• [Given material]
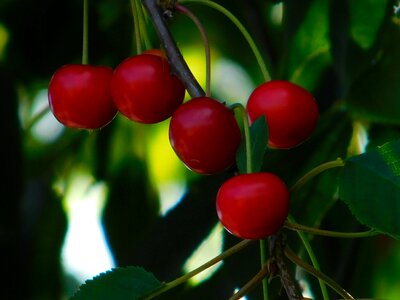 Red green nature
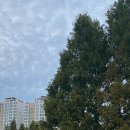 그라츠커피랩 - 과천시 관문로 92 | 그라츠커피랩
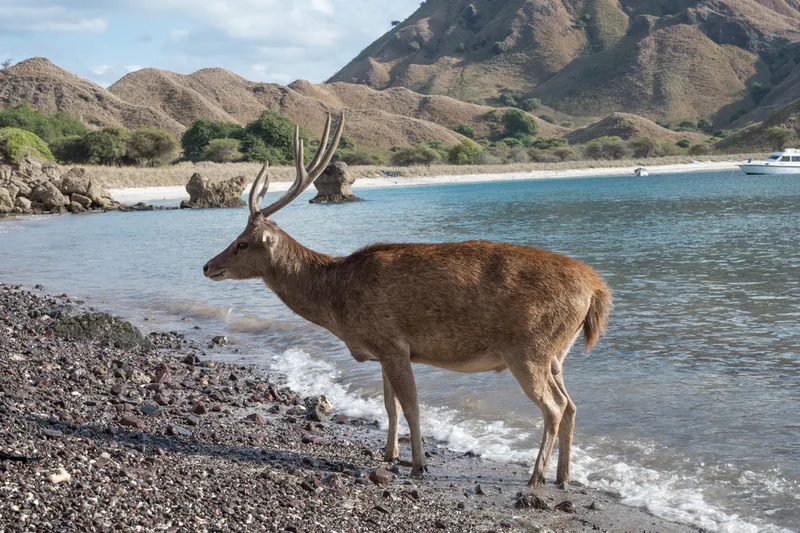 Javan Rusa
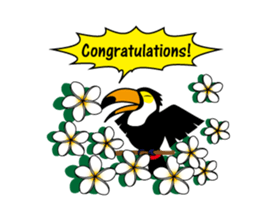 Southern cat. sticker #563665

• [About this exercise] Only the pictures are to be dropped; the rest of the material above must be duplicated exactly.

• [The answer]
 Red green nature
 그라츠커피랩 - 과천시 관문로 92 | 그라츠커피랩
 Javan Rusa
 Southern cat. sticker #563665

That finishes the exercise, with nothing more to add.